Fighting Inequality with Marriage

How can the promotion of marriage help reverse economic and social inequality in Irish society? This was a topic broached in the Iona Institute’s Mind the Gap briefing note which showed that marriage and family differ hugely by social class, with the best-off far more likely to marry and reap its benefits than the worst off.

That same dynamic is also present in other countries and proposals are being considered to bridge the marriage gap as a means of bridging the inequality gap. In a recent article, Alyssa ElHage of the Institute of Family Studies proposed various public-policy measures to foster a healthy marriage culture. Why? Because, she writes, “a healthy marriage culture is associated with greater economic mobility, safer communities, and the ability to form and maintain healthy marriages in adulthood”. In particular, married-parent families offer a wealth of social and economic benefits to individuals and society.

Among those are that children raised by married parents are significantly less likely to be poor, whereas single-mother families are far more likely to suffer poverty. A new Irish study also shows that family structure matters.

Married-parent families boost the academic prospects of students, especially boys, says ElHage. Research in the US, she states, has consistently shown that “a child’s home environment (family structure, parental education, and family income) more closely correlates with student success than school resources and spending.”

Married-parent families tend to be safer for women and children. In general, “unmarried women including those in cohabiting relationships, are more likely to be victims of domestic violence than married women”. Moreover, “the safest place for a child to grow up is with his or her own married mother and father, while a child living with an unmarried mother and live-in boyfriend is the most vulnerable to physical, sexual, and emotional abuse.”

It is also unfortunately the case that girls who grow up in single-mother families are more likely to experience a teenage pregnancy themselves, while children who grow up in a married-parent family are more likely to form lasting marriages as adults and to raise their own children within a married union.
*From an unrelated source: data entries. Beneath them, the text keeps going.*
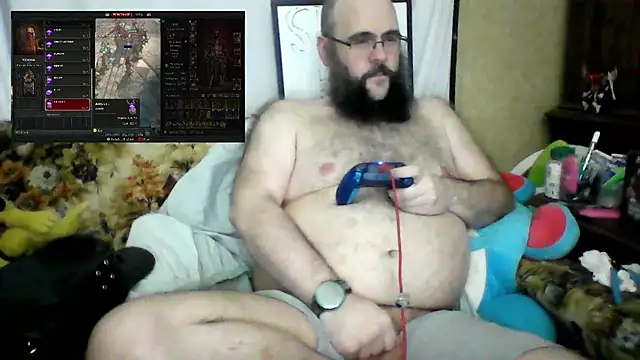 BriTheTopBear live cam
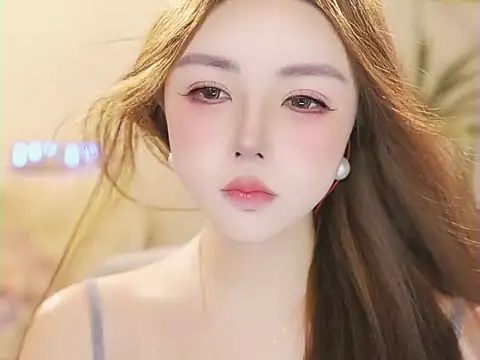 Snapshot of Qiaoqiao_ chatting on 06/24/26, 03:54 Qiaoqiao online show from 06/24/26, 03:54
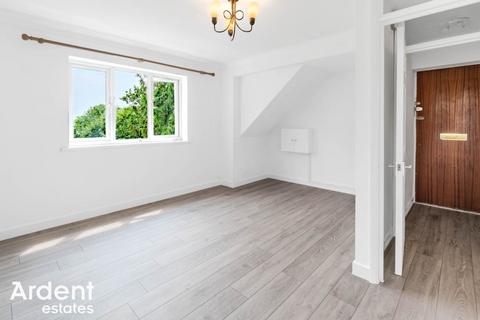 35 Brooklands Walk, Chelmsford, CM2 9BH
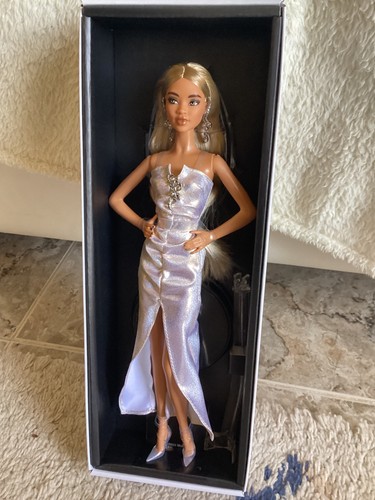 Barbie signature champagne - barbie,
Finally, the author notes that “the growing marriage divide between the college-educated and the poor and working class is at least part of what’s driving economic and social inequality”. The wealthy and better educated are reaping the benefits of marriage including better education, higher incomes, and family stability for their kids in far, far greater numbers than the less educated and working class. Indeed, she writes: “Bridging the marriage divide is an important part of efforts to boost economic mobility for all Americans”.

Practical measures to bridge that gap and foster a healthy marriage culture include the following:

  • Eliminate economic disincentives to marriage.
  • Expand apprenticeships and vocational training programs for those who do not want to pursue a college degree.
  • Expand tax benefits for children.
  • Include one-earner families with stay-at-home parents in Government policies that help families with childcare expenses.

Lastly, she advises: “Promoting the importance of marriage and married-parenthood among young people through education campaigns or programs that encourage the pursuit of the success sequence of school, work, marriage, and then parenthood.”